Only the lines of the data holding the string "Rope" need to be returned.

•••

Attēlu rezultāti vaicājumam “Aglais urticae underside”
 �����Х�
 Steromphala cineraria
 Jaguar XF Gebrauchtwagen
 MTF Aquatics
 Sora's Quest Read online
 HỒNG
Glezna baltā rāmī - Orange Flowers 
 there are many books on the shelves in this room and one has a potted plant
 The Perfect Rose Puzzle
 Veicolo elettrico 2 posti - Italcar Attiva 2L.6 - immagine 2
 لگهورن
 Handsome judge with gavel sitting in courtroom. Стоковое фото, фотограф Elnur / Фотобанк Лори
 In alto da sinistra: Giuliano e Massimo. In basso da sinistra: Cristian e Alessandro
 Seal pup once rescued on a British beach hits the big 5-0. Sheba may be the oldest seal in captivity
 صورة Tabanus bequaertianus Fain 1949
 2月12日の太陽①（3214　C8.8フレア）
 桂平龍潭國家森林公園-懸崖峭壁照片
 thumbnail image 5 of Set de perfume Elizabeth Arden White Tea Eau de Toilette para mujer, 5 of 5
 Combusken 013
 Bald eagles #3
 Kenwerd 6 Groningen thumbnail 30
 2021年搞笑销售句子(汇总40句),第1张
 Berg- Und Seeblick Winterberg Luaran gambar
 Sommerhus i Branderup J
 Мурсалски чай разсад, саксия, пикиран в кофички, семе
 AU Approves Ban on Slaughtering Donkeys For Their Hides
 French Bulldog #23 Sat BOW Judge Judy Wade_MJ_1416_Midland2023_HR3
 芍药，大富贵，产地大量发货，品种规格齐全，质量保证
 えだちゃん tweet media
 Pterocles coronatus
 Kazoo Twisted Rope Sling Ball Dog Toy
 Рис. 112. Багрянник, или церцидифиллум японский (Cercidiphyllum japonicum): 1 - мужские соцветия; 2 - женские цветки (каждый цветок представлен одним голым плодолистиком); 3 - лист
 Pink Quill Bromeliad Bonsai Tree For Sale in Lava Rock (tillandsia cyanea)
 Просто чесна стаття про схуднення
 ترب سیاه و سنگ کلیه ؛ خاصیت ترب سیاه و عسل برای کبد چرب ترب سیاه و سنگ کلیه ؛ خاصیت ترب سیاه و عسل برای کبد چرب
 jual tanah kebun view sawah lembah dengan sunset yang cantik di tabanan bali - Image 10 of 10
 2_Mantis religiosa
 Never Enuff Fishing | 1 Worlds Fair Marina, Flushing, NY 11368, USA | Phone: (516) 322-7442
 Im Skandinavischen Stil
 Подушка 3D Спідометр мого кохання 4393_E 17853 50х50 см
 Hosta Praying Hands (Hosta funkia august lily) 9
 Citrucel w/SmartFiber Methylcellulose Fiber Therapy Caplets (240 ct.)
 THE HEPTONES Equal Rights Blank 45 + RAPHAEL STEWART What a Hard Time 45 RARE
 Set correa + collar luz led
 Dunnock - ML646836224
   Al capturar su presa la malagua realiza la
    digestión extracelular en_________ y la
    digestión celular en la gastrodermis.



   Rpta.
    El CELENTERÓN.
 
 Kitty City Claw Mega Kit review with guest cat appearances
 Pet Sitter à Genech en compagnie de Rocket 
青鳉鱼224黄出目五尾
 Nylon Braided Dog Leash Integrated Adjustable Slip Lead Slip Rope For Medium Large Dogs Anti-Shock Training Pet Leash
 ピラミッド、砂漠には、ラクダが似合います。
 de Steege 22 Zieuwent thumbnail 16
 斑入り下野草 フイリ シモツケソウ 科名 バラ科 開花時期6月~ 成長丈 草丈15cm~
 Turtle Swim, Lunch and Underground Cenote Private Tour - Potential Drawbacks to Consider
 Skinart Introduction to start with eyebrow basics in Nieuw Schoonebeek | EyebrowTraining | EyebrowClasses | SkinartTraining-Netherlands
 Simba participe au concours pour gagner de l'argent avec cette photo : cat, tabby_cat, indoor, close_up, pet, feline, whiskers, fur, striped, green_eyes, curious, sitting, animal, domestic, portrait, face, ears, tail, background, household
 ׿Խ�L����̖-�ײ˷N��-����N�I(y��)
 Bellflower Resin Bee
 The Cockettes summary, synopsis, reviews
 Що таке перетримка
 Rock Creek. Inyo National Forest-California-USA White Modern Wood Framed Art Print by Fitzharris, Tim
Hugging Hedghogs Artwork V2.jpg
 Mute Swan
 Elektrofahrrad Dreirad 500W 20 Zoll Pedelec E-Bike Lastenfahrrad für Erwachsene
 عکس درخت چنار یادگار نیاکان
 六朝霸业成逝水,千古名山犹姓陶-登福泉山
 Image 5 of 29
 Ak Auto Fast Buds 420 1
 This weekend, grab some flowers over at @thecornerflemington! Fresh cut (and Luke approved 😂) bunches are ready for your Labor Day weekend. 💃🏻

•••

→ Reply:
 Kazoo Twisted Rope Sling Ball Dog Toy
 Nylon Braided Dog Leash Integrated Adjustable Slip Lead Slip Rope For Medium Large Dogs Anti-Shock Training Pet Leash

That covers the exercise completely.